Try it ▸
Exactly reproduce each of the entries shown below.

Records shown ▸
****************

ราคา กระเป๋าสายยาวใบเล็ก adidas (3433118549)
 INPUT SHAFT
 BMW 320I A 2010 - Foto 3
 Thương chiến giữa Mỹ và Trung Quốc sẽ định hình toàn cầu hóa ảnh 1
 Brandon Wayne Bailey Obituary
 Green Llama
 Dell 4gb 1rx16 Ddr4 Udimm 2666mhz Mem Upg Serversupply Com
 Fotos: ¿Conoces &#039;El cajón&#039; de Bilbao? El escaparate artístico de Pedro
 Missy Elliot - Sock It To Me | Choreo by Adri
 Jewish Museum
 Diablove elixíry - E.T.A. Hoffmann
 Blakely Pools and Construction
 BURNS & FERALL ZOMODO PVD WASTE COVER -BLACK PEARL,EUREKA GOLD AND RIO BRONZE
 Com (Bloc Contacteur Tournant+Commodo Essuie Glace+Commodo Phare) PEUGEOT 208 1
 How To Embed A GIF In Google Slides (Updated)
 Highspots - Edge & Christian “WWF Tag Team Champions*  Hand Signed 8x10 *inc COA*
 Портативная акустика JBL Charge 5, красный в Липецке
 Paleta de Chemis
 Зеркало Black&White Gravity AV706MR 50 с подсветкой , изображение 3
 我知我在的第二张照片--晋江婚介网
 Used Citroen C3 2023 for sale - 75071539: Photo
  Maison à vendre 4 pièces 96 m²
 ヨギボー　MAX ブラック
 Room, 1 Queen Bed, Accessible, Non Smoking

****************

Output of the exercise ▸
ราคา กระเป๋าสายยาวใบเล็ก adidas (3433118549)
 INPUT SHAFT
 BMW 320I A 2010 - Foto 3
 Thương chiến giữa Mỹ và Trung Quốc sẽ định hình toàn cầu hóa ảnh 1
 Brandon Wayne Bailey Obituary
 Green Llama
 Dell 4gb 1rx16 Ddr4 Udimm 2666mhz Mem Upg Serversupply Com
 Fotos: ¿Conoces &#039;El cajón&#039; de Bilbao? El escaparate artístico de Pedro
 Missy Elliot - Sock It To Me | Choreo by Adri
 Jewish Museum
 Diablove elixíry - E.T.A. Hoffmann
 Blakely Pools and Construction
 BURNS & FERALL ZOMODO PVD WASTE COVER -BLACK PEARL,EUREKA GOLD AND RIO BRONZE
 Com (Bloc Contacteur Tournant+Commodo Essuie Glace+Commodo Phare) PEUGEOT 208 1
 How To Embed A GIF In Google Slides (Updated)
 Highspots - Edge & Christian “WWF Tag Team Champions*  Hand Signed 8x10 *inc COA*
 Портативная акустика JBL Charge 5, красный в Липецке
 Paleta de Chemis
 Зеркало Black&White Gravity AV706MR 50 с подсветкой , изображение 3
 我知我在的第二张照片--晋江婚介网
 Used Citroen C3 2023 for sale - 75071539: Photo
  Maison à vendre 4 pièces 96 m²
 ヨギボー　MAX ブラック
 Room, 1 Queen Bed, Accessible, Non Smoking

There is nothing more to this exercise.